**The problem:** Go through the listing below, and from the line containing "Frank James York" through its last line, transcribe every line exactly, skipping pictures.

Data excerpt Start Marker

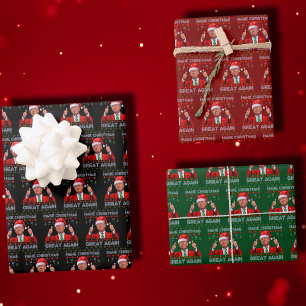 Trump Santa Hat   Make Christmas Great Again Wrapping Paper Sheet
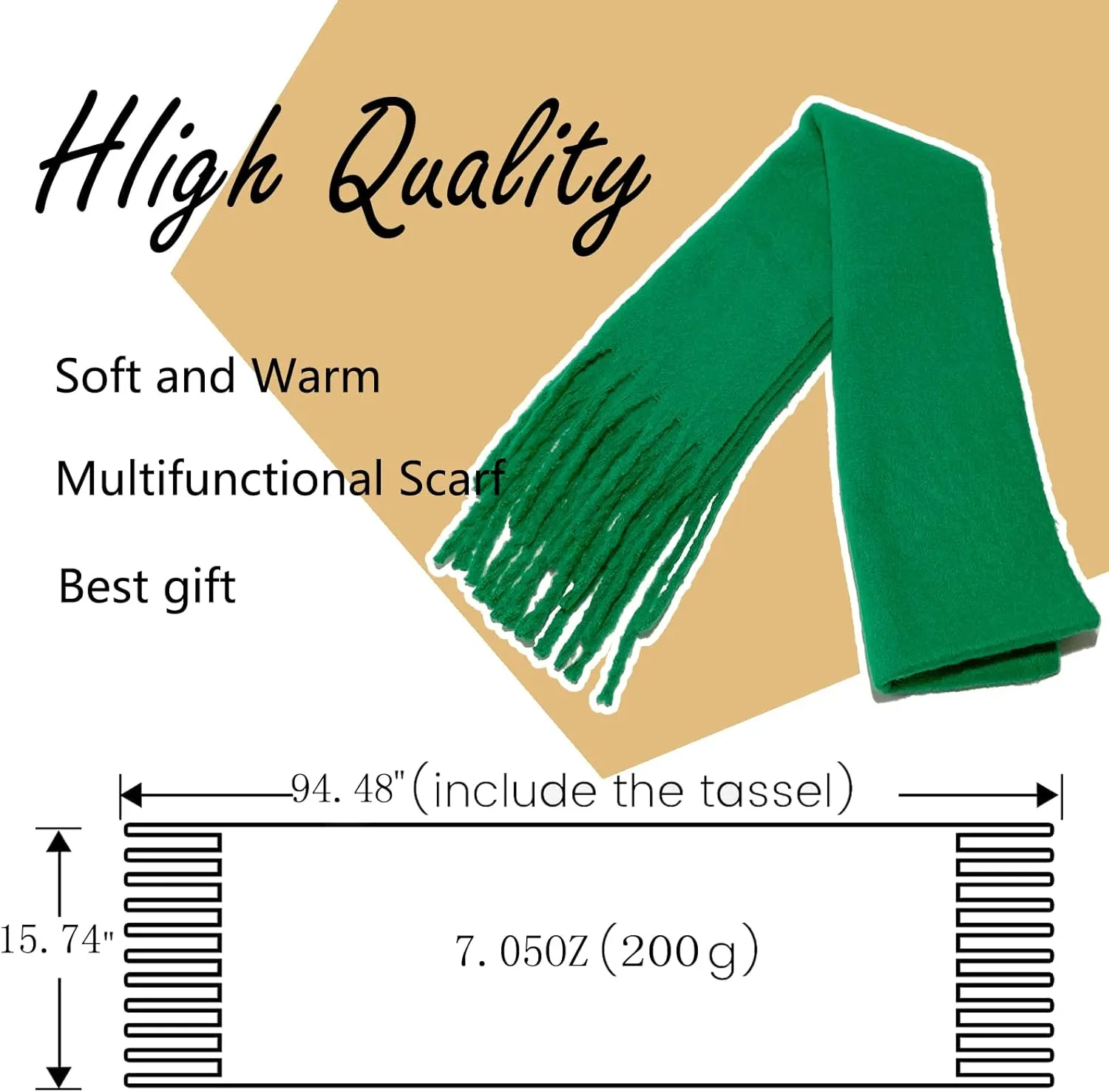 Winter Scarf for Women Big Chunky Scarf Solid Warm Soft Oversized Thick Blanket Scarves Shawl Cashmere Feel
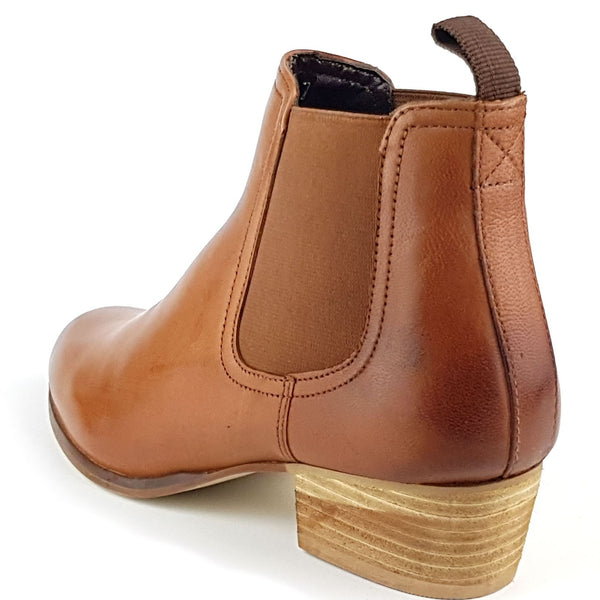 Frank James York Womans Pointed Leather Chelsea Pull On Ankle Heel Boots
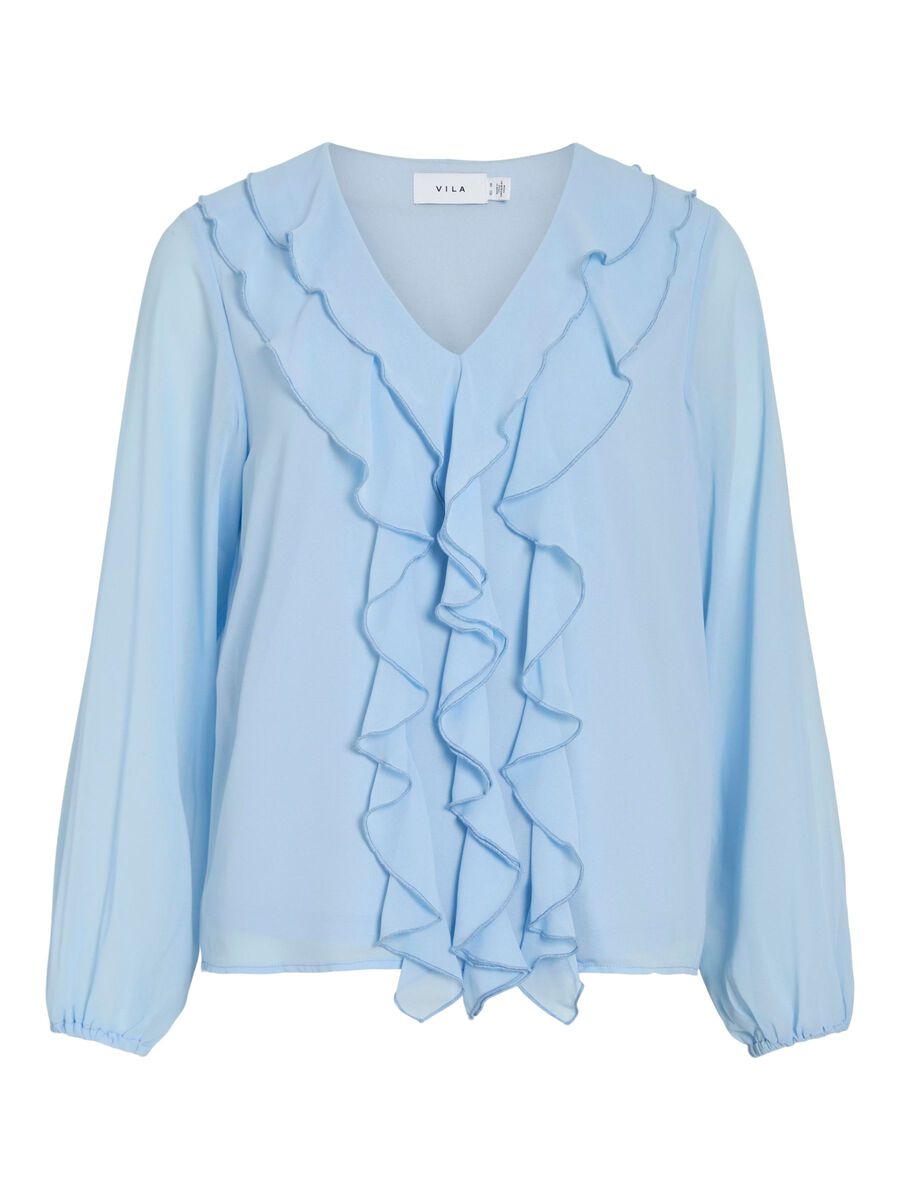 VILA VIANE FRILL LONG SLEEVED TOP, Kentucky Blue, highres - 14114604_KentuckyBlue_001.jpg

Data excerpt End Marker

**Task output:**
 Frank James York Womans Pointed Leather Chelsea Pull On Ankle Heel Boots
 VILA VIANE FRILL LONG SLEEVED TOP, Kentucky Blue, highres - 14114604_KentuckyBlue_001.jpg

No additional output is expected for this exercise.